My grandparents were business-minded but also devoted stewards of nature. They proved you could be profitable and ethical, successful and sustainable. They built something that fed people while honoring the earth, and they did it on their own terms — waking when they chose, building what they believed in, answering to no one but their values and each other.

That’s what I’m doing now. Just with more flowers, more feelings, and definitely more mystical energy. (Sorry, Grandma and Grandpa, but the affirmations tucked into bouquet tags are non-negotiable.

A Patchwork of Purpose

Sunnyside Dreams Farm is their legacy blooming in technicolor. It’s where healing happens somewhere between the garden rows and the greenhouse. Where creative souls retreat and remember who they actually are beneath all the noise. Where the land itself teaches us what love looks like when you commit to something bigger than yourself.  It’s a patchwork of blooms, dreams, and intentions so bold they sometimes scare me.

My grandparents taught me — not through lectures but through the way they lived — that you can be a boss and deeply spiritual. That business and beauty aren’t opposites; they’re soulmates. That freedom isn’t something you stumble upon or get lucky enough to find. It’s something you build deliberately, one season, one harvest, one brave decision at a time.

Enter Fields and Fortune

But here’s where the story expands, where it becomes bigger than just me and my farm.

Sunnyside Dreams Farm is my altar, the place where I practice what I preach. But there’s something else bubbling up, something that’s been calling to me like a soul assignment: Fields and Fortune.

Think of Fields and Fortune as the sacred circle where rural women in agriculture gather to build legacy wealth while staying rooted in the land. It’s where flower farming meets financial freedom. Where mysticism meets money management. Where we finally stop apologizing for wanting both the garden and the bag.

Here’s what nobody tells you when you’re a woman in agriculture: You can love the land and want financial sovereignty. You can be spiritual and strategic. You can grow flowers and grow your net worth. These aren’t mutually exclusive — but somewhere along the way, we were taught they were.

Fields and Fortune is where we unlearn that lie.  In this community, we’re having the real conversations: How do you price your work so you’re thriving, not just surviving? How do you create wealth that honors your values? How do you build a business that feeds your soul and your bank account? How do you create legacy — not just for yourself, but for the daughters and granddaughters who come after?

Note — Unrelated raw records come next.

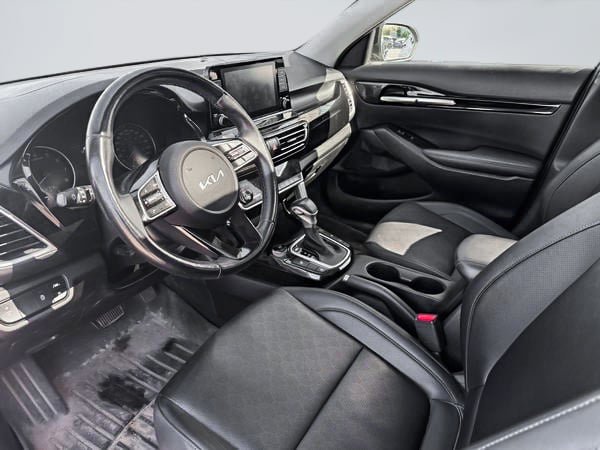 2023 Kia Seltos EX AWD-16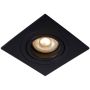Lucide TUBE 22955/01/30 Spot encastré 1x50w/gu10 ip20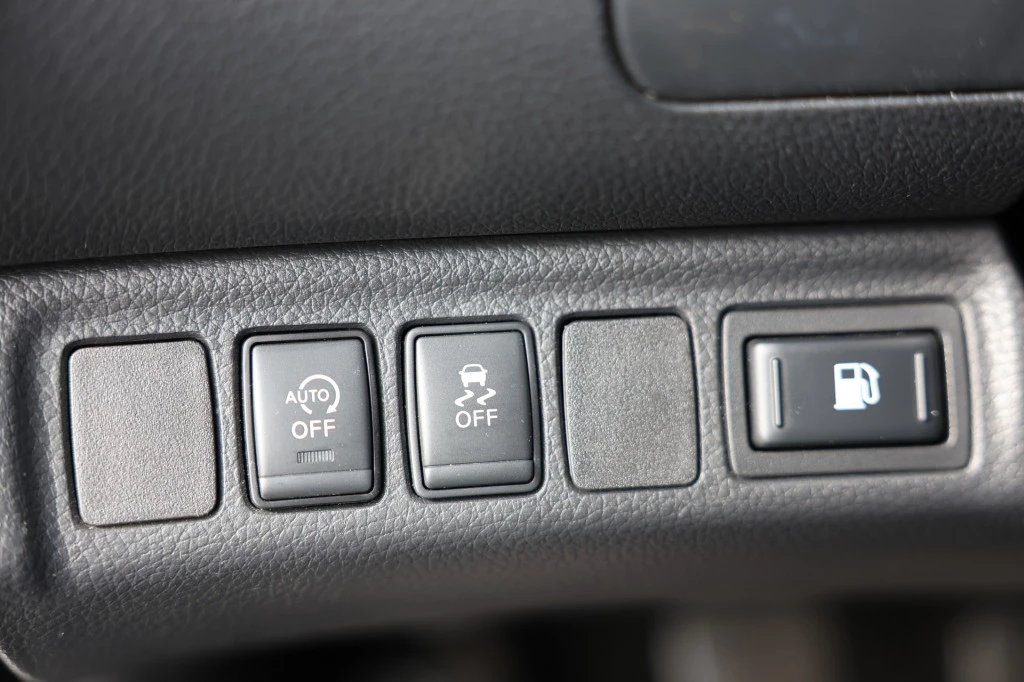 Nissan Navara – foto 19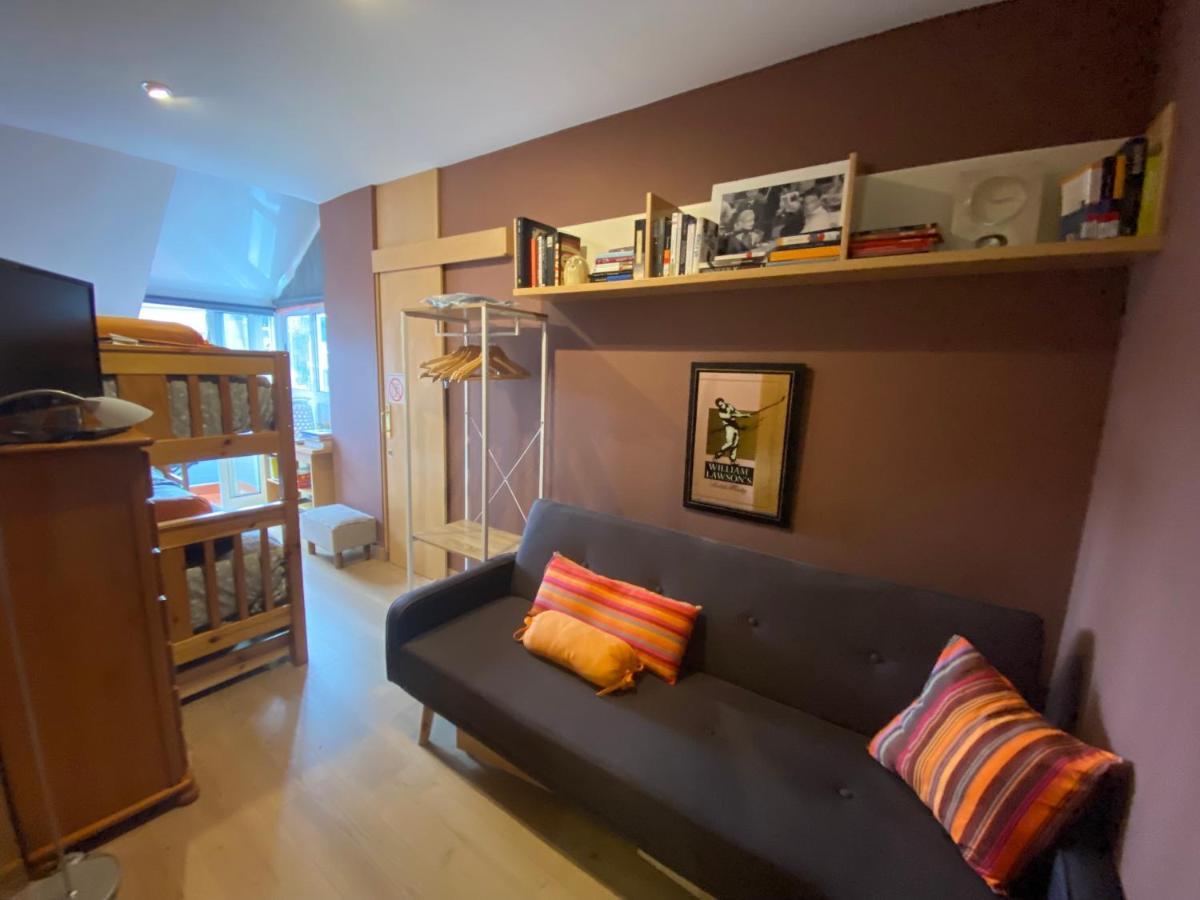 Apartamento Mar DЭль-Грове Экстерьер фото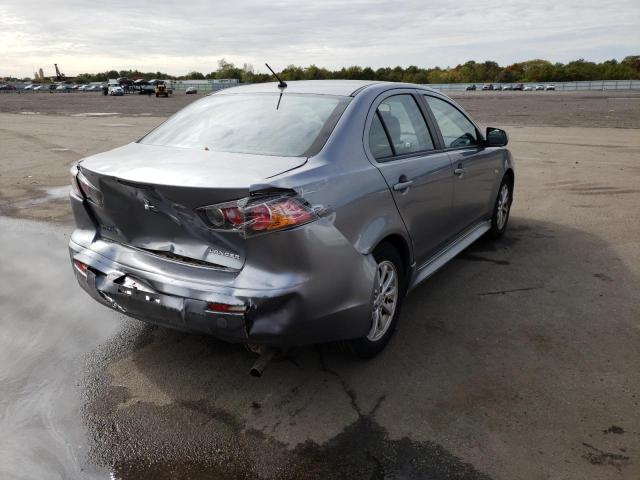 Photo 4 from auction – 2012 MITSUBISHI LANCER ES/ with VIN JA32U2FU9CU023033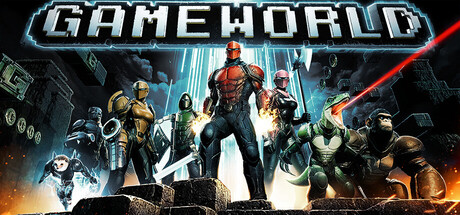Cover art from Gameworld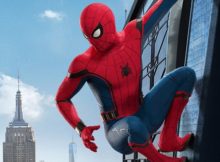 Spider-man: Homecoming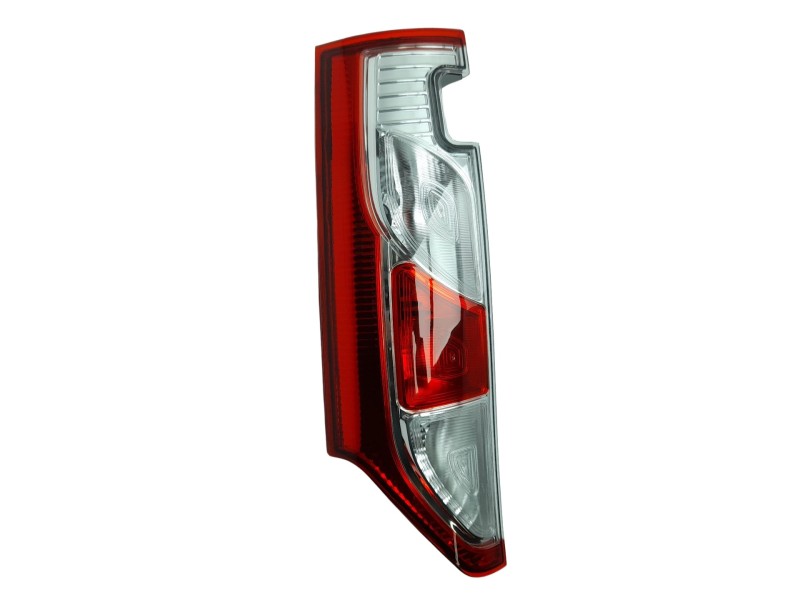 Recambio de piloto trasero izquierdo para renault kangoo referencia OEM IAM 265559212R  103F19990771/16013911/553053G/RN9214154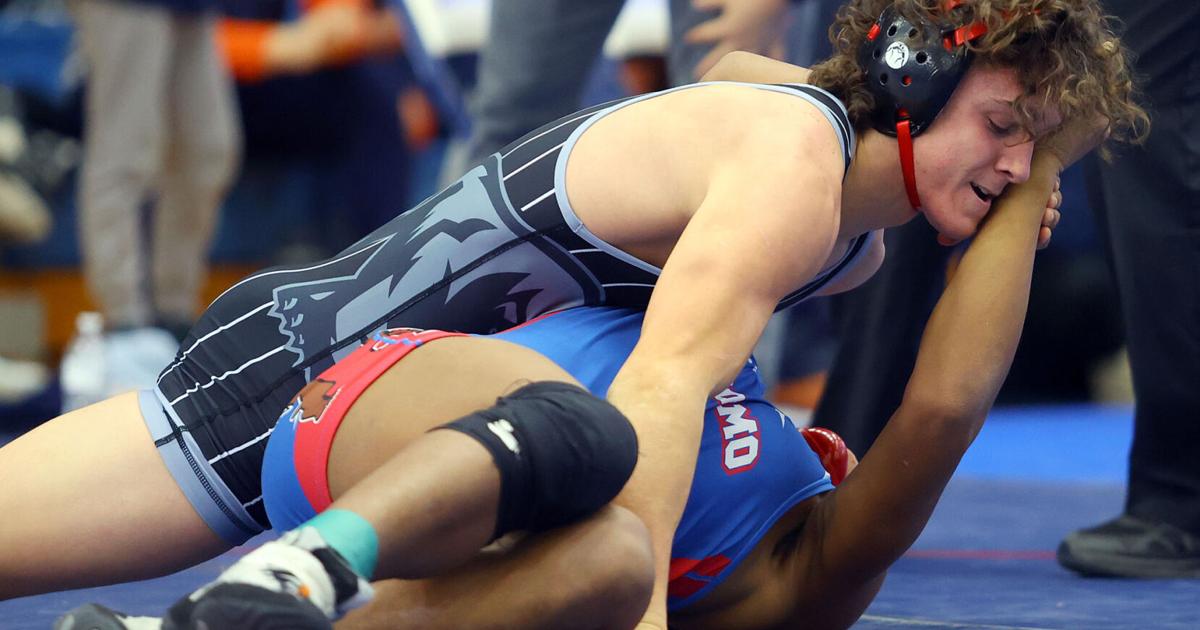 WRESTLING: Hayden Shepherd to lead Western as new coach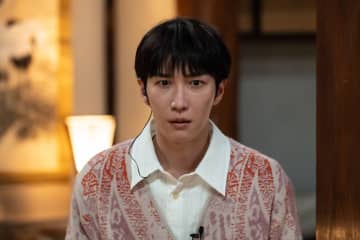 渡辺翔太の「おかえり」で成仏したい　『事故物件ゾク 恐い間取り』でホラー映画苦手を卒業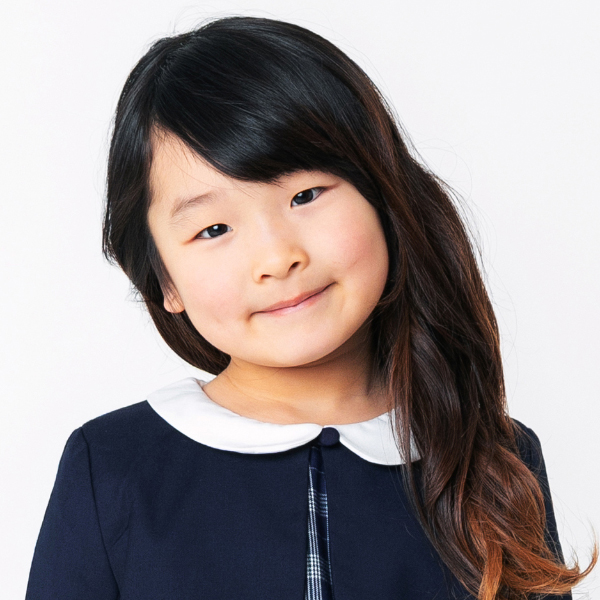 ひまり 関西 2～6歳 女の子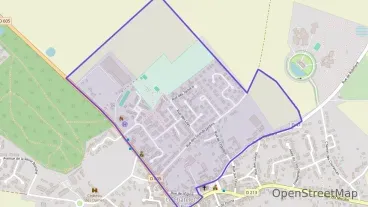 Appartement 48 m² deux pieces à vendre à Le Châtelet-en-Brie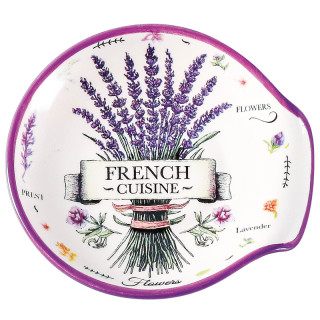 Подставка керамическая под ложку "Эдем" (13см) ТМ Appetite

We’re done with stories that force us to choose between passion and profit. Done pretending that wanting abundance makes us less connected to the earth. Done treating burnout like a badge of honor. Instead, we’re learning to read our businesses like we read the seasons. We’re treating our finances as sacred as our soil. We’re building wealth strategies that feel as natural as crop rotation. We’re creating prosperity that sustains us rather than drains us.

This is where affirmations meet profit margins. Where human design illuminates our unique approach to business. Where we can discuss abundance manifestation and tax planning in the same breath without feeling weird about it.

My grandparents would have loved this. They knew that stewarding the land and building wealth were the same work. Now I’m creating a space where rural women can learn that too.

An Invitation to Root and Rise

This community is for the woman who feels guilty for wanting financial success while doing meaningful work. Who’s tired of being told to “trust the process” without receiving actual business tools. Who wants to honor the land and build generational wealth. Who’s ready to step into her power as both farmer and CEO. Who knows she’s meant for more but lacks the roadmap.

Fields and Fortune is that roadmap. It’s where we root and rise together.

Sunnyside Dreams Farm carries my grandparents’ name because even though they’re no longer on earth, their love story continues writing itself in every bloom. Their legacy keeps growing in ways they never imagined. Their understanding of stewarding the land with freedom and intention remains my blueprint.

I’m just here, covered in dirt and probably crying happy tears, carrying it forward — making it my own while honoring where it came from. Because that’s what love does. It doesn’t die. It transforms. It blooms. It becomes a sanctuary where others heal too. And sometimes, it becomes a movement.

Welcome to Sunnyside Dreams Farm — where legacy isn’t something you inherit and shelve. It’s something you grow with your bare hands and share with your whole heart.